Let's denote the normalizer by $A_N.$ Then, by definition, $$A_N:=\{g\in GL_2(\mathbb{R}):  gA=Ag\}.$$ $$\equiv \{g\in GL_2(\mathbb{R}):  gag^{-1}\in A,\ \forall \ a\in A\}.$$ 
I am using the second definition to compute all such $g$ by hand, but the computation is leading me nowhere. I have a feeling that all matrices that have $1$ or $-1$  on one diagonal and $0$ in the other diagonal satisfy the normalization condition.

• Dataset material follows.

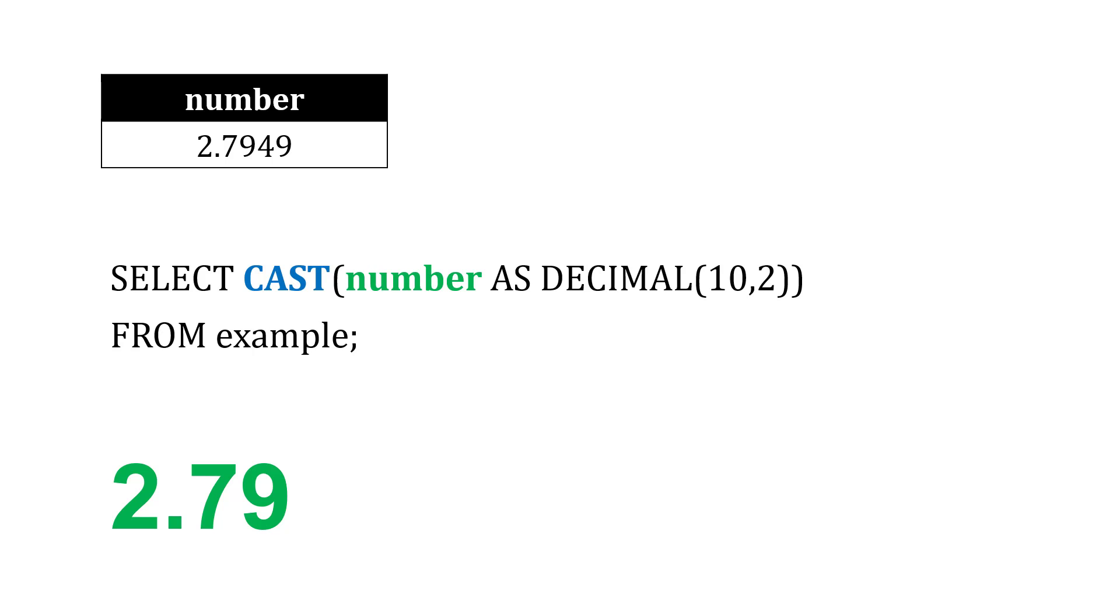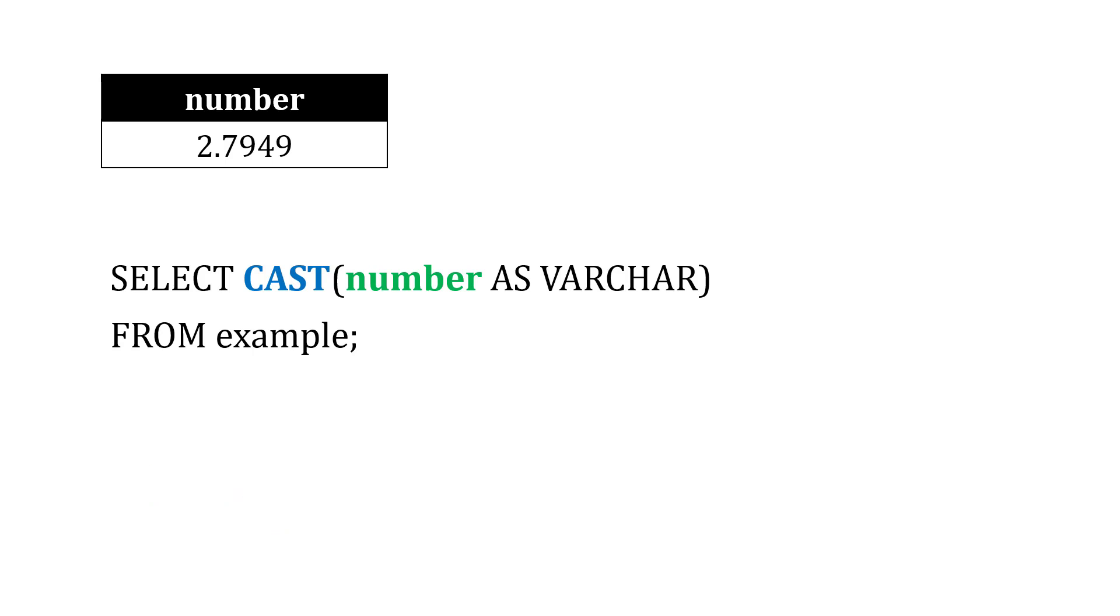It's going to shorten it because since I've done this conversion, that's all that new type is going to allow. We could also take the number and cast it or convert it as variable characters or a text string.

For example: all elements of $A$ are clearly in $A_N$. When I check for other matrices with $1$ or $-1$ on one diagonal and $0$ in the other, they all satisfy the condition. How to make this idea more precise? I am sure there must be a nice way to arrive at such $g$ through computation but I am yet to find one.
 A: Hint: It suffices to find the set of matrices $g$ which satisfy $gag^{-1} = b$ where $a,b$ are the rotation matrices by $\pm90$ degrees. You only need to consider two cases $a=b$ and $a \neq b$ where you fix one choice of $a,b$ for the two cases. All matrices satisfy $g(\pm I)g^{-1} = \pm I$. And the normalizer certainly contains more matrices than just $0,1$ matrices: If $M$ is in the normalizer, then so is $kM$ for any constant $k \neq 0$. And $kM$ is automatically in the normalizer if $M \in A$.

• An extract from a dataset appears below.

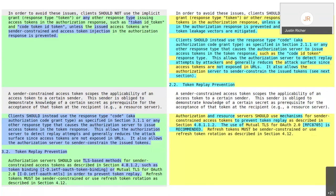Torsten: I fully agree with Justin. This 'should sender constraining' is a result of nearly one year of analysis of how we could cope with leakage and replay of access tokens. We discussed audience restriction, additional metadata, and other methods. The working group, about two years ago, came to the conclusion that sender constraining seems to be the most viable option, even though we didn't have mechanisms at that time. Now luckily we have mTLS. It's not a normative must — it's a recommendation to consider sender constraining.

A: $$\begin{pmatrix}a&b\\c&d\end{pmatrix}\in N_{GL_2(\Bbb R)}(A)\implies $$
$$\begin{align*}
\bullet&\begin{pmatrix}b&\!\!-a\\d&\!\!-c\end{pmatrix}=\begin{pmatrix}a&b\\c&d\end{pmatrix}\begin{pmatrix}0&\!\!-1\\1&0\end{pmatrix}=\begin{pmatrix}0&\!\!-1\\1&0\end{pmatrix}\begin{pmatrix}a&b\\c&d\end{pmatrix}=\begin{pmatrix}\!\!-c&\!\!-d\\a&b\end{pmatrix}\iff\begin{cases}a=d\\{}\\b=-c\end{cases}\\{}\\\bullet&\begin{pmatrix}\!\!-b&a\\\!\!-d&c\end{pmatrix}=\begin{pmatrix}a&b\\c&d\end{pmatrix}\begin{pmatrix}0&1\\\!\!-1&0\end{pmatrix}=\begin{pmatrix}0&1\\\!\!-1&0\end{pmatrix}\begin{pmatrix}a&b\\c&d\end{pmatrix}=\begin{pmatrix}c&d\\\!\!-a&\!\!-b\end{pmatrix}\iff\begin{cases}a=d\\{}\\b=-c\end{cases}\end{align*}$$
The other two cases are useless as those are scalar matrices and thus they commute with everything...
We thus get that the general form of an element of the normalizer is
$$\begin{pmatrix}a&b\\\!\!-b&a\end{pmatrix}\;,\;\;\text{and of course}\;\;a^2+b^2\neq0$$
A: Notice that $A$ only contains two elements of order $4$. Anything which normalizes $A$ must ether fix these two elements (in which case it commutes with everything in $A$ ), or else interchange these two elements of order $4.$ As indicated in my comment above (and as you noticed) there are elements outside $A$ of order two which normalize $A.$ It seems that you can complete the calculation from what you said above.